Chroniques de la haine ordinaire / Par Mariem Derwich

La bête immonde, hideuse, la bête lâchée aux trousses de ces garçons à qui l’on dénie, au nom d’une morale à chaque fois toute personnelle, même si elle est enrobée de religieux, la liberté sexuelle.

Ces garçons qui, pourtant, n’ont tué personne, n’ont volé personne, n’ont fait de mal à personne là où tant d’autres détournent, volent, mentent.

La bête immonde qui rend certains affreux, assassins aux gants blancs.

La bête immonde et les appels au meurtre et l’arrestation honteuse de ces hommes.
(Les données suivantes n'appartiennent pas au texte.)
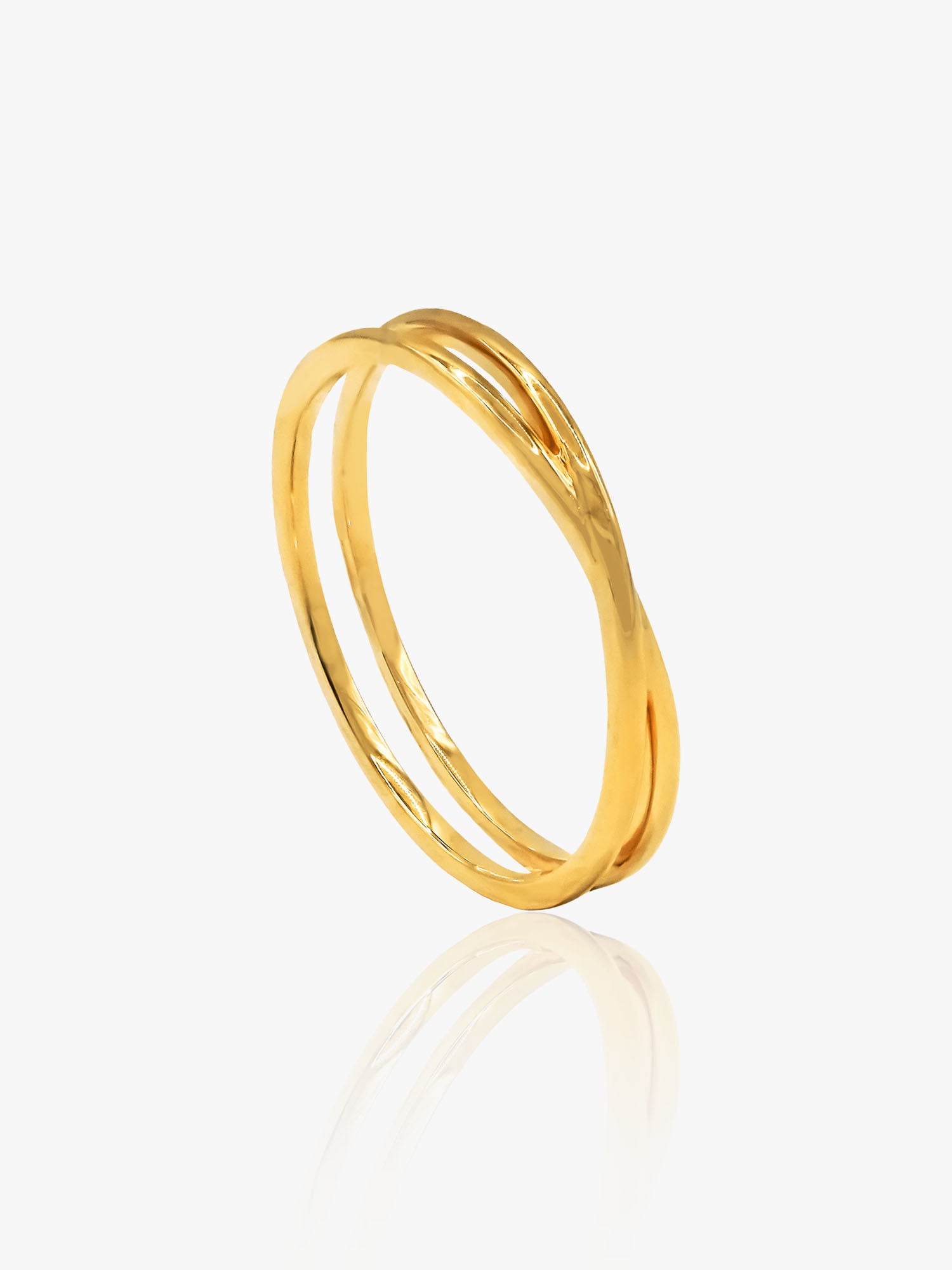 916 Gold Criss-Cross Ring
Le médiatique contre l’humain.

La bête immonde qui permet de publier les noms des homosexuels arrêtés, au grand dam de toute déontologie.

La bête immonde, censeur, juge et partie bourreau et spectateur.
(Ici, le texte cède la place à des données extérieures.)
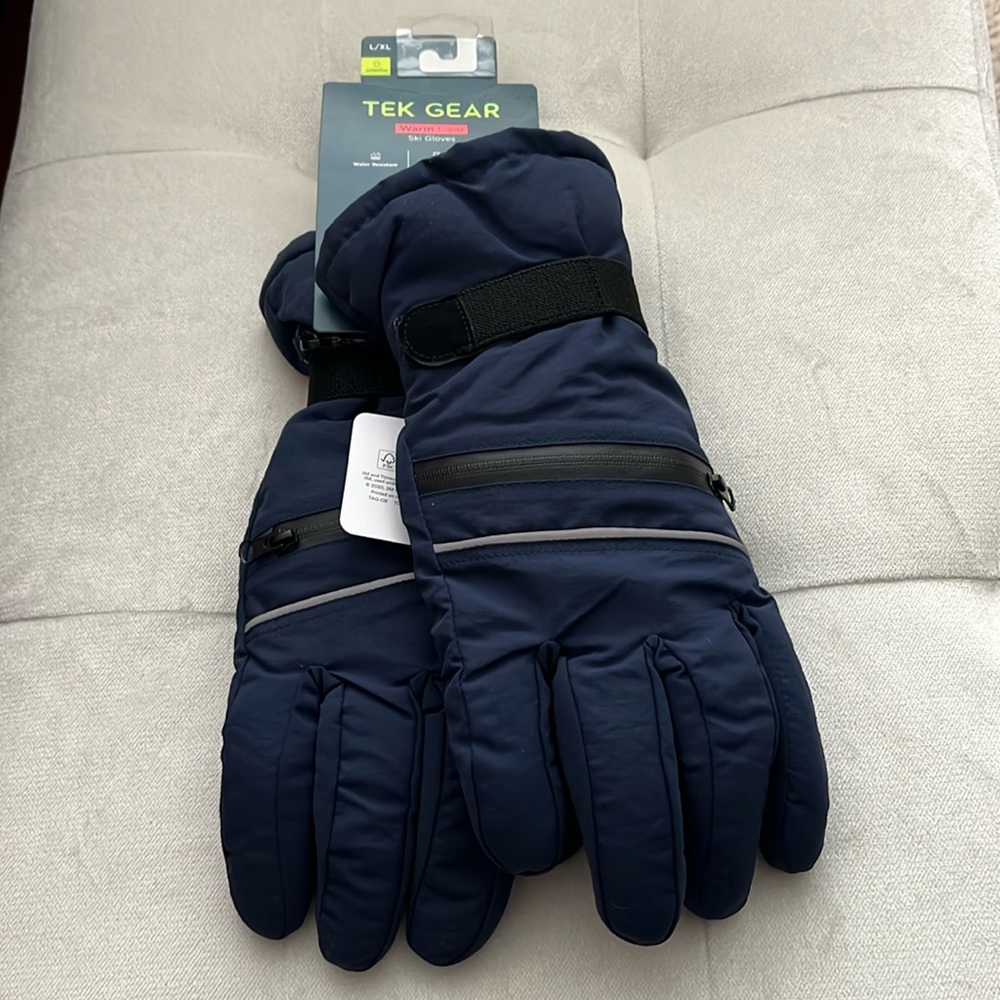 NWT, L/XL, Tek Gear, Warm Gear Ski Gloves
La bête immonde qui hurle à la mort et qui, pourtant, détourne le regard de la pédophilie institutionnalisée qu’est le mariage précoce, quand une petite fille de 11 ou 12 ans est mise entre les bras d’un homme adulte, en toute légalité.

Qui détourne le regard quand on excise une petite fille dans le sang et la souffrance.

La bête immonde qui opine du chef quand on insulte une femme pour sa tenue ou pour son choix de vie.

La bête immonde qui est si silencieuse devant toutes les souffrances inacceptables mais qui s’émeut de l’homosexualité.

Dans notre pays la communauté la plus silencieuse, la plus en souffrance, celle qui n’a pas de couleur de peau ni de couleur politique ni de couleur « sociale », c’est la communauté homosexuelle… Celle que la justice ne défendra pas elle qui permet la haine et la vindicte « morale ».

Dans notre pays qui a pourtant signé toutes les conventions de défense et de protection des droits humains, il existe, sous prétexte pseudo religieux, des zones de non droit, ces zones grises qui permettent les buchers de ceux qui nous déplaisent.

Et pendant que l’on insulte ces garçons et que l’on appelle au meurtre, ce soir, une petite fille sera déflorée de force par son mari adulte.

Ce soir une jeune femme va accoucher d’un enfant « illégitime » et va l’abandonner de peur d’être accusée de zina et d’être emprisonnée.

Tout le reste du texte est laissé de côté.